If you want to write... write! Write daily, write often, write, write, write. The hardest thing for someone who wants to write: beginning. Writing takes energy, imagination, focus, time, among other things.
Here's a timely example of a young author who got the words out of his head and down on paper. You can too!
MEET DAVID DeWaters
In August 2013, David published his first book called Melancholy Songs. The 54-page book is available on Amazon and is particularly poignant when read out loud.
You can find more from the Bowie, Maryland author and poet on his Blog (daviddewaters.com) where he describes his work and reasons for writing. Readers are also invited to share their thoughts and questions.

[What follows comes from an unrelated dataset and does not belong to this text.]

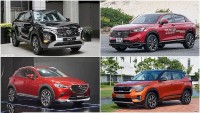 Doanh số các mẫu xe CUV cỡ B đồng loạt giảm trong tháng 5/2023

It only takes a quick read to feel truth and authenticity when David shares the following on his Blog.
Since my poems are largely focused on the topic of depression, I can definitely sense a part of me wanting to legitimize my depressed feelings, and not have people shrug them off or look down upon them.” (March 2014)
A Wheel Out of Kilter
I need to find that clarity of thought—
That thought that does present itself to me
On rare occasions—if I wish to paint
For you a portrait of my mind and soul.…So desperately do I desire it:—David DeWaters, Untitled Poem
This clarity of thought. I know that this
Unbalances me. It unravels me,
To yearn for that not meant to be sustained.
These lines are from the poem that I’m currently working on. There is a Buddhist idea at work here, particularly in the second half. To quote from a book called Buddhism Plain and Simple by Steven Hagen, “Our problem comes from what the Buddha described as ‘inclination of mind.’ The mind tends to lean in one direction or another because, out of ignorance, it sees something ‘out there’ which it then craves. ‘I want that back,’ ‘I want that now,’ or ‘I don’t want that anymore. Push it away, get rid of it.’ Either way, we define what we want or don’t want as something separate from us.” The book also goes on to say “Don’t strive for some special state of mind. There is no special state of mind. If you strive for some special state of mind you’ll only disturb your mind.”
So, similar to my previous post about William Blake’s poem, I am recognizing a flaw within myself. A flaw that I’m aware of, and that has even been pointed out to me in things that I’ve read.
I can see how constantly writing about my flaws may seem pessimistic, but I believe it is the opposite. It is only through the recognition of such flaws that one can then eventually work on them.
David DeWaters makes you think. And, he clearly demonstrates what can happen when you put words down on paper and begin to have conversations with your self and others about what you've written. May you writing journey begin soon.